Do I really need a website monitoring service?

First of all – please don’t mistake website monitoring with traffic monitoring. Every website is using some kind of traffic monitoring – Google Analytics, some commercial software or simply a web server feature of analyzing its log and displaying statistical data. Website monitoring is actually about availability monitoring. Watching your site 24/7 if it is working and visible to users. Sending immediate alerts in case of a failure and recording all the unavailability events.

What does it give you?

With email and SMS alerts it assures you that you are the first person to know about your website failure. You could react before any of your users/customers would contact you and complain. Or just leave your site and browse to your competitor.
If you run multiple pages it may be wise to use a RSS feed for notifications and watch it together with your other news channels.
Having the history of failures in your user panel is another benefit. You could use it to verify the quality of your hosting service. If you have an SLA (Service Level Agreement) signed, it can back up your claim of the refund in case the agreed availability level is not sustained.

How does it work?

A serious provider of website monitoring services uses at least 3 servers located in different data centers. One of the servers is continuously checking your website – by loading it just like a real user would – with his Internet browser. The service is really useful when the checks are performed every minute – please not that not all the providers offer that and some of them charge more for that option. 5, 10 or 30 minute period monitoring is useless. What good it gives you when you are informed about the failure 20 minutes later?
Back to the testing procedure. When only one monitoring station reports that it cannot load the page – it’s not enough. There can be some interconnection breakdown or a whole data center failure (yes it does happen). To confirm the monitored website failure, at least 2 other servers need to confirm the loss of access to it. Then come the alerts.

How much does it cost?

Yearly fees vary incredibly among the Internet. Starting from $59 and ending with more than $5000 (some providers charge a lot for 1 minute monitoring option). Several services can be paid on a monthly basis, but – of course – paying for a year in advance is cheaper.
The telecommunications costs (SMSes) are not a big deal. But again – one provider would give you 30 SMSes within the basic package, other 200 and another one nothing. If you expect many failures, you should consider this cost as well.

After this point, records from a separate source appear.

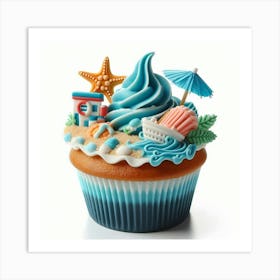 Beach Themed Cupcake 1 Art Print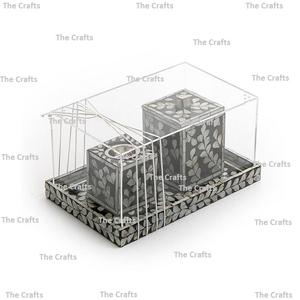 Brûleur de Dukhoon en bois et nacre, design tendance, ensemble de brûleur à oud Mabkhara pour l'utilisation de parfums d'intérieur - Product Image 5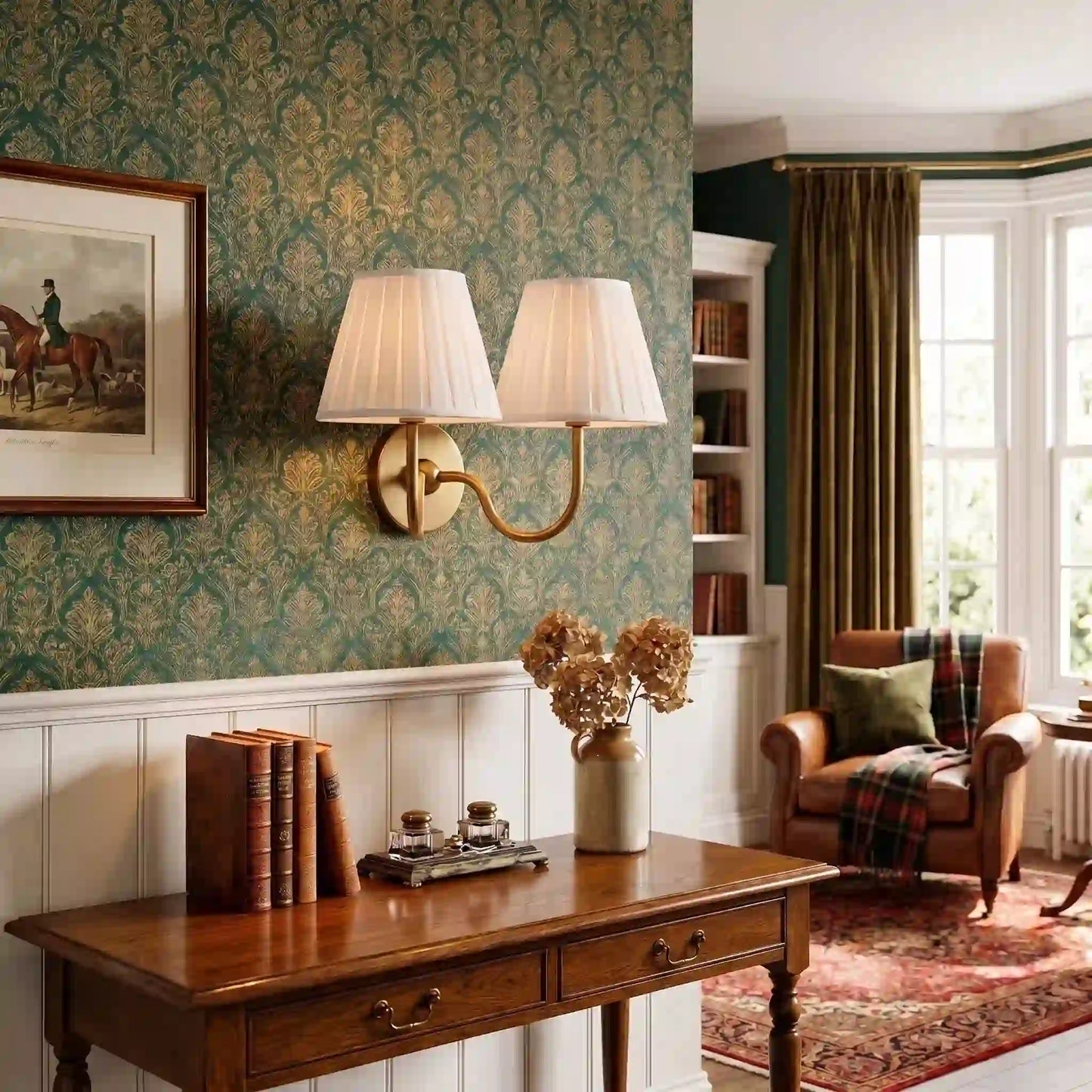 Eldric Classic Traditional Pleated Shade Wall Sconce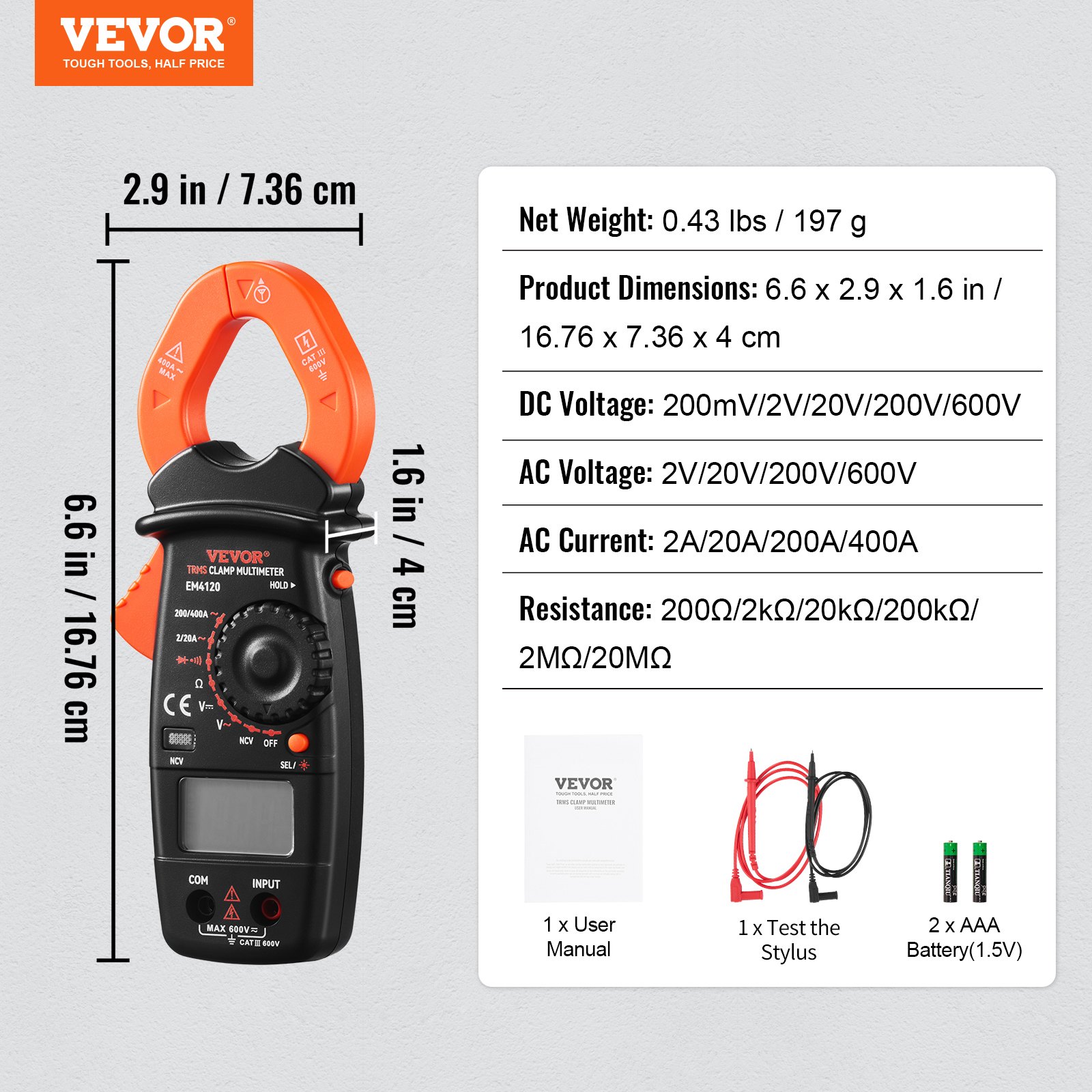Medidor de abrazadera digital VEVOR Multímetro True RMS AC DC Volt Amp NCV Medición
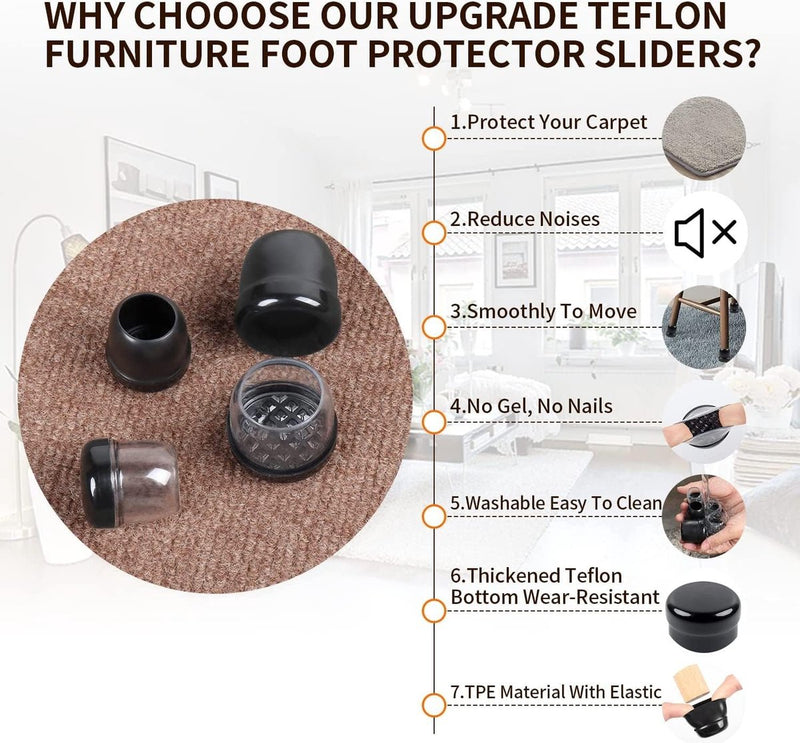 stoelpoothoezen 16-pack stoelpootglijders voor tapijt meubelvoetbeschermers pads 3,2 cm rond transparant TPE hoogelastisch zacht rubber met zwart geen krassen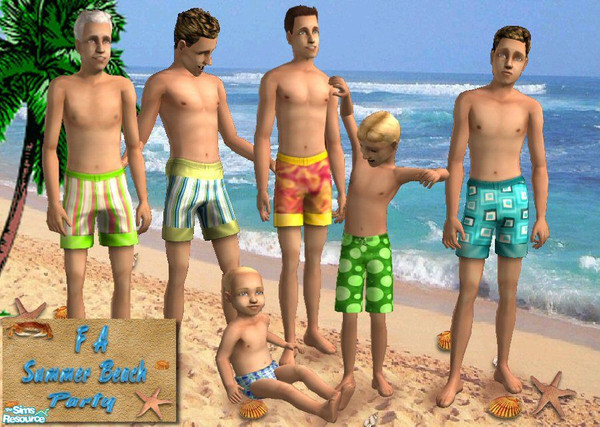 Sims 2 — Margaritaville Swimsuits for the Guys by Nikki041498 — Bright colors and vivid patterns combine to make sure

Most of website availability monitoring providers offer a free trial period for their services. You could register an account, start monitoring your website and then – after usually two weeks – decide whether you’d like to purchase the service or not.
You could type “website monitoring” in Google to receive tens of results. Here are 20 links just to save some of your time. Alphabetical order.

Advanced monitoring

There are also services offering very advanced services – monitoring not only the website itself (if it’s available) but also specific processes within it. This is the option for complicated on-line business applications, when one single feature being unavailable means a significant loss to its operator.


If you really care about your users – or I should rather say – you are aware how much visitors/registrations/customers/money you loose when your website is down, you should definitely consider ordering a website availability monitoring service.